6.2. R: Programming in R

R is one of the most common software packaged used for data science. Python is a second software package often utilized in data science. The use of R is widespread because

  • R has the ability to deal with data, and
  • R is a programming language.
https://www.r-project.org/Rlogo.png

A script window in R allow you to write code which can later be executed. A script window can be obtained in R Studio near the upper-left corner. R is interactive in that you can write code directly into the R console; however, I’d encourage you write your code in the script window.
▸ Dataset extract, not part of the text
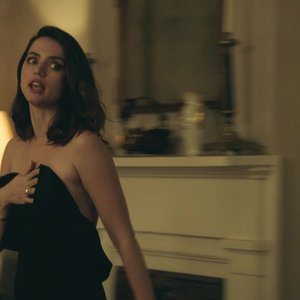 Ana De Armas Nude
The following can be used to obtain a R script window.

image1

*Getting Started*

R code can be written directly into the R Script window. Commenting code is important in any language. A comment line in the R script window stats with #. That is, any line that starts with # will be ignored upon submitting the code to be executed.

image2

Write the following two lines of code in the script window. Click Run to execute this code.

#Simple commands

#Addition

5+5

image3

Consider the following code

#Simple commands

#Addition

5+5

#Multiplication

5*5

#Powers

2^3

#Using log functions, base e

log(5)

#Log function with base=10

log(5,base=10)

#Log 10 is common enough that log10() exists

log10(5)

#Modular arithmetic, 4 mod 2

4 %% 2

The > log(5) command used above is a example of a built-in function in R. When using functions, it may be useful to hit the TAB key. For example, enter “log” at the prompt and then select the TAB key. R then displays information about functions whose names begin with “log.”

image4

The expressions from above are evaluated and the results are printed to the screen. The results can be assigned to an object with the use of assignment operators, i.e. “<-“. For example, the following will save the result into a variable named Ten.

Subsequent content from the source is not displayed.